Yaprak Dökümü dizisi, hepimizin hayatlarından birer kesitti belkide. O dizi bizim bir yansımamızdı aslında. Diziler hayayımıza girdiği günden itibaren Televizyon alemine daha çok bağlandık. Diziler bizim olğunlaşmamızı, bazı gerçekleri görmemizi, bakış açılarımızı değitirmemiz gerektiğini gösterdi ki, hepimizin bakış açıları bir nebze olsa bile değişmiştir.
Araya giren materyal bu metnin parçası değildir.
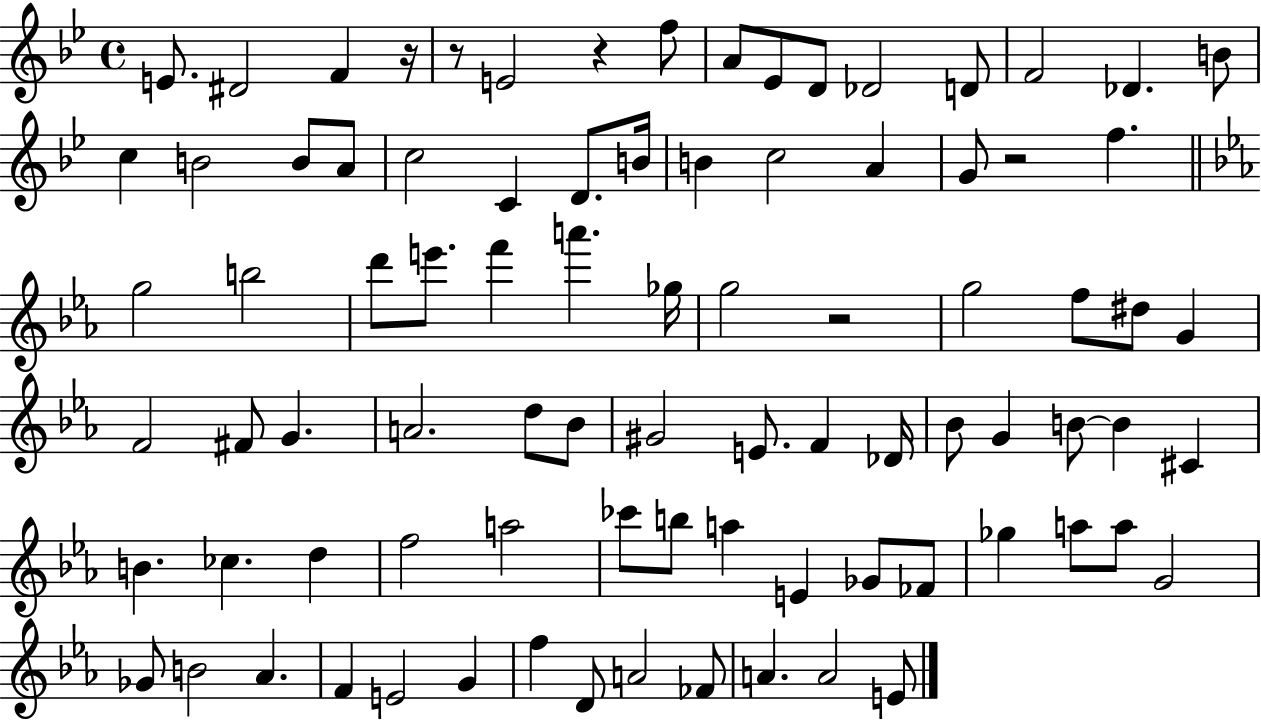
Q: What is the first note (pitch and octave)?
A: E4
Yaprak Dökümü dizisi bana, özellikle ailenin ne kadar önemli olduğunu bir kez daha öğretti. Gerçekten Aile demek kocaman kökleri sağlam olan, bir Ağaçtı. Ve bu ağaçtan dökülen her yaprak o büyük ağacı her nekadar zayıf düşürsede hiç bir zaman yıkmazdı. Kökü sağlam bir ağaç Yaşadığı en zor şartlarda bile ayakta durabilirdi.



Kökü sağlam bir aile olmak, yaşlı kökü sağlam bir ağaç gibi ayakta kalabilmek çok zordur. Bunu bu şartalarda şimdi ki ortamda yapabilen çok azdır aslında. İşte bu yüzdendir eskilere özlemimiz. işte bu yüzdendir, böyle aile dizilerine bağlanmamız.



Hayat bazen bir dizi gibidir. Her gün yeni bir bölümü çekilir. Sen hep başrolde olsanda, karakterler hep değişir. Ne zaman sen gidersen işte o zaman dizi biter son finalle kanal değişir.









İşte böyle...



Dizi bitiyor. Ama hiç unutulmuyor. Umarım ve dilerim ki, sizin diziniz mutlu son ile final olur.



Sevgiler...

Yorum Gönder

2 Yorumlar

Asahhara dedi ki…
Bende öncelerden yaprak dökümü hiç izlemeyen, hatta bu kadar bunalım dize ile dalga geçen biriydim. Denk geldi bir kaç bölüm izledim ve sonra bırakmadım. Beni bu diziyi izlmeme iten karakter Fikret'tir. Fikret'in sabrına yumuşak huyuna ve hep merhametli yanına vuruldum. Bende oysa bu duygular çokda belli olmuyordu. Dediğiniz gibi dizilerde kendimizi bulabiliyoruz. Çok güzel bir yazıydı. Teşekkürler. Zevkle okudum.
sevgili αѕαннαяα Aynı pencereden bakmışız kendi yaşam çizgim Fikretle uyum sağlıyor. Tam olarak değilsede ben fikrete baktığımda kendimin yansımasını gördüm. karakter yapısı olarak, aileye bağlılığını kendime benzettim çoğu zaman. Güzel yorumunla renk kattın sonsuz teşekkrler.